Wahlkampf im Fokus in Deutschland
Indessen versucht die deutsche Sozialdemokratie, sich für die Bundestagswahl in Kampfeslaune zu bringen. Auf dem Programmparteitag Ende Juni verschärfte Kanzlerkandidat Martin Schulz die Rhetorik, indem er etwa der Kanzlerin eine Mißachtung der Demokratie vorwarf. Gemeint war Merkels Vermeiden klarer Positionen, bzw. ihr geradezu strategisches Ausweichen gegenüber eventuell strittigen Themen.

 

Klassisches Beispiel war die Ehe für alle.
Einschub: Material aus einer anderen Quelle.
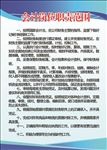 会计岗位职责范围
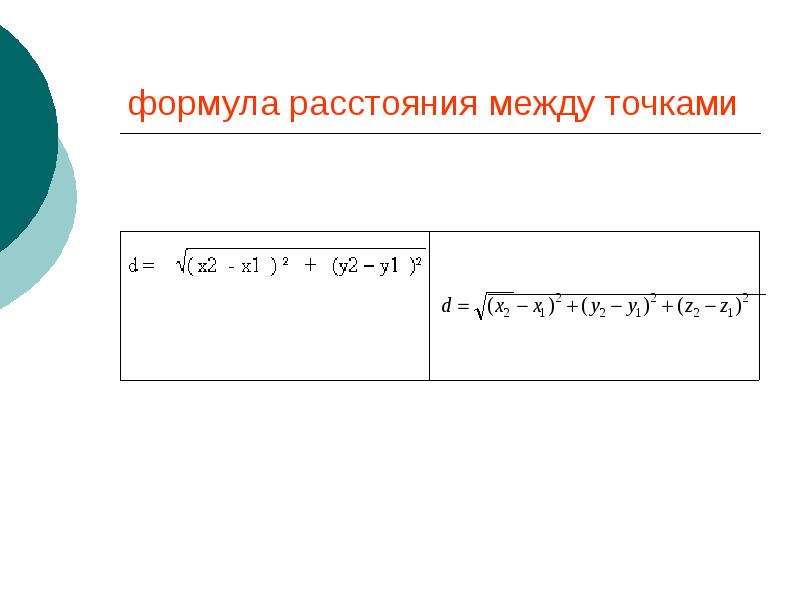 Формула расстояния между двумя точками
Die Sozialdemokraten versuchten Merkel vorzuführen, und diese ging einfach aus dem Weg. Bisher scheinen alle Versuche der SPD, die Kanzlerin auf dem falschen Fuß zu erwischen oder Fehler ihrerseits zu provozieren, ins Leere zu laufen.

 

Dabei wird die Zeit knapp, denn weniger als drei Monate vor der Wahl braucht die SPD dringend eine klare Abgrenzung von der Kanzlerinnenpartei, sonst ist nicht nur die Wahl verloren, sondern es besteht kaum eine Chance darauf, den wieder auf rund 15 Prozentpunkte angewachsenen Rückstand in den Umfragen bis zum 24. September zu verkürzen.

 

Letzteres wäre wohl notwendig zur Erreichung des SPD-Minimalziels: eine erneute große Koalition mit starker sozialdemokratischer Präsenz in der Ministerriege, eine Konstellation, die wir entgegen den Beteuerungen beider großer Koalitionsparteien weiterhin für sehr gut denkbar halten.

 

Was bedeutet das für Anleger?
Wenn, wie oben suggeriert, nach den Äußerungen Mario Draghis Unsicherheit über den Kurs der EZB bestehen sollte, könnte das Protokoll der letzten Ratssitzung am 8. Juni Aufschluß liefern. Es wird am Donnerstag veröffentlicht. Schon am Tag davor erfahren wir in den entsprechenden Fed Minutes, was die US-Notenbank zu ihrer Zinsanhebung am 14. Juni getrieben hat und vielleicht, wie der weitere Plan aussieht.

 

In Bezug auf letzteres ist der am Freitag zu erwartende Arbeitsmarktbericht bedeutsam. Analysten schätzen im Schnitt 183.000 neu geschaffene Stellen außerhalb der Landwirtschaft. Wir halten es für gut möglich, daß diese Erwartungen enttäuscht werden und ein weiterer Zinsschritt der Fed damit etwas weiter aus dem Blickfeld der Anleger entschwindet.